Form SS-4 (2026): How to Complete the EIN Application Line by Line
Form SS-4 is how you apply for an EIN in 2026. A line-by-line walkthrough of the legal name, responsible party, entity type, and how to apply fastest.

Published: June 20, 2026
I'm Slava, founder of Jupid. Before this, I built Anna Money, where we worked with more than 60,000 small businesses and grew to $40M ARR. One of the most common questions I see from people just starting out is some version of "Do I need an EIN, or can I just use my Social Security number?"
It comes up because the advice online is a mess. Some sites tell every freelancer they must get an EIN. Others say it's pointless if you don't have employees. Both are wrong as blanket statements. The honest answer is that it depends on a short list of specific facts about your business, and once you know that list, the decision takes about thirty seconds.
Here's the short version. If you run a sole proprietorship with no employees and you don't file excise or retirement-plan tax returns, the IRS lets you use your Social Security number, and you don't need an EIN at all. The moment you hire someone, set up a Keogh or qualified retirement plan, or owe certain excise taxes, an EIN stops being optional and becomes required.
That's the rule. But "required" isn't the whole story. There are good reasons to get an EIN even when the IRS doesn't force you to, and a couple of reasons it might not be worth the bother. An EIN is free, takes a few minutes to get, and you never pay anyone to obtain one.
This guide covers all of it: when an EIN is mandatory, when an SSN is fine, the practical reasons to get one anyway, how to apply, and what changes the day you form an LLC.

An Employer Identification Number (EIN) is a nine-digit number the IRS assigns to a business for tax purposes.
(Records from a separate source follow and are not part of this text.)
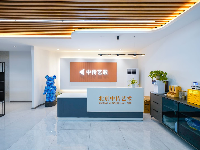 北京中傳藝術教育這般宜人的機構環境，誰能不心動？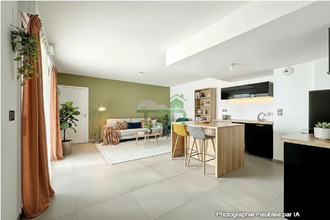 Ma-Cabane - Vente Appartement Montpellier, 65 m²
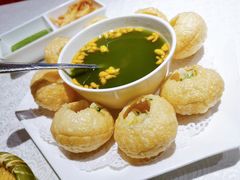-恒河传奇印度餐厅GANGES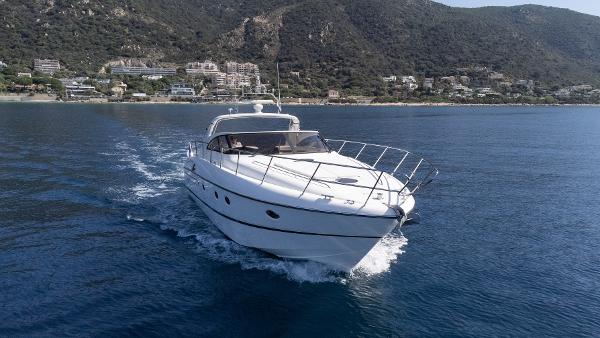 Princess V50 Open Princess V50 à vendre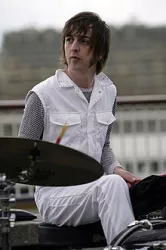 Danny Goffey
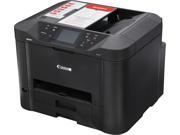 Canon MAXIFY MB5420 InkJet MFC All In One Color Printer Inkjet Printers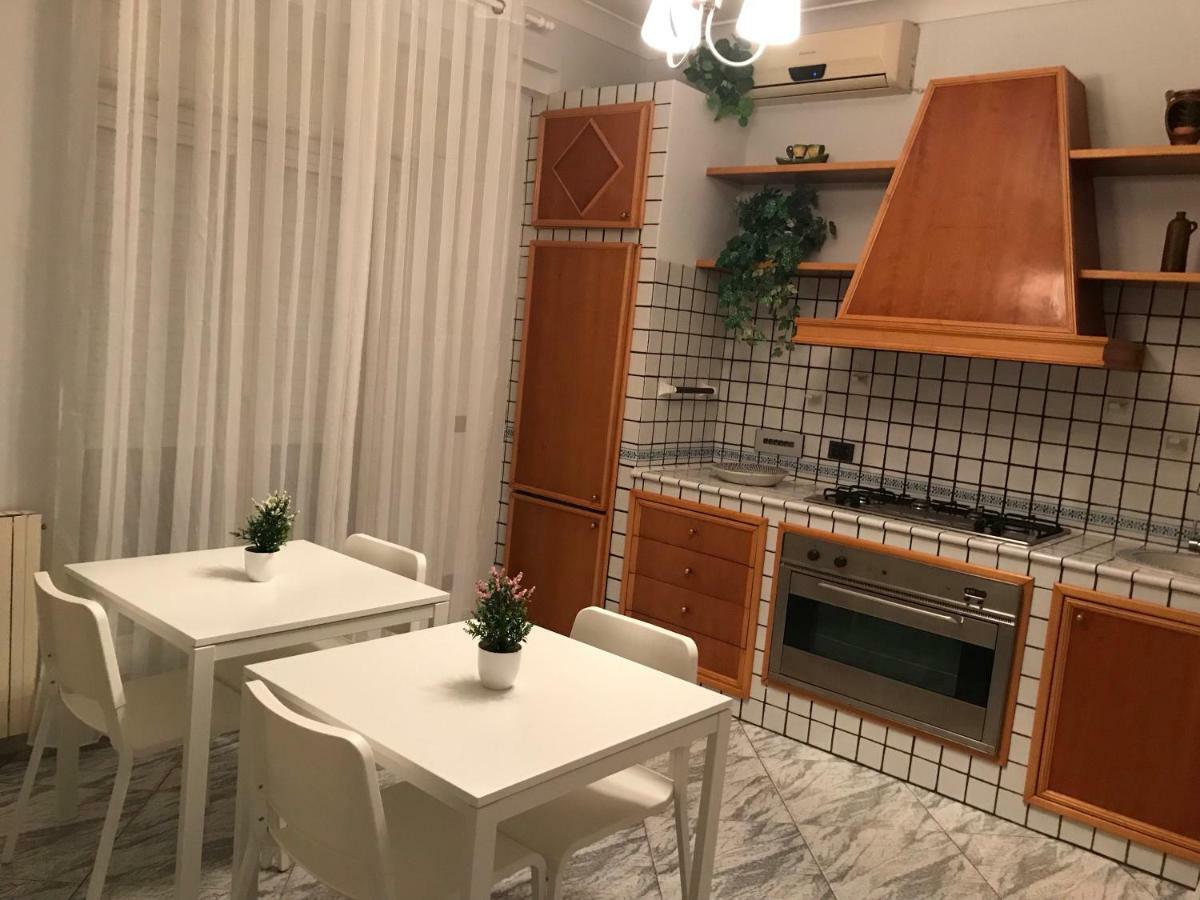 Bed and Breakfast La Salida Del Sol Agrigento Exterior foto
It's formatted as XX-XXXXXXX, and it works like a Social Security number for your business. Banks, the IRS, payroll providers, and clients use it to identify your business on tax and financial paperwork.
A sole proprietorship is the simplest business structure there is. If you work for yourself and haven't registered an LLC or corporation, you're a sole proprietor by default. You report your business income and expenses on Schedule C, attached to your personal Form 1040, and you pay self-employment tax on the profit using Schedule SE. There's no separate business tax return, which is exactly why the EIN question gets confusing: your business and you are the same taxpayer in the eyes of the IRS.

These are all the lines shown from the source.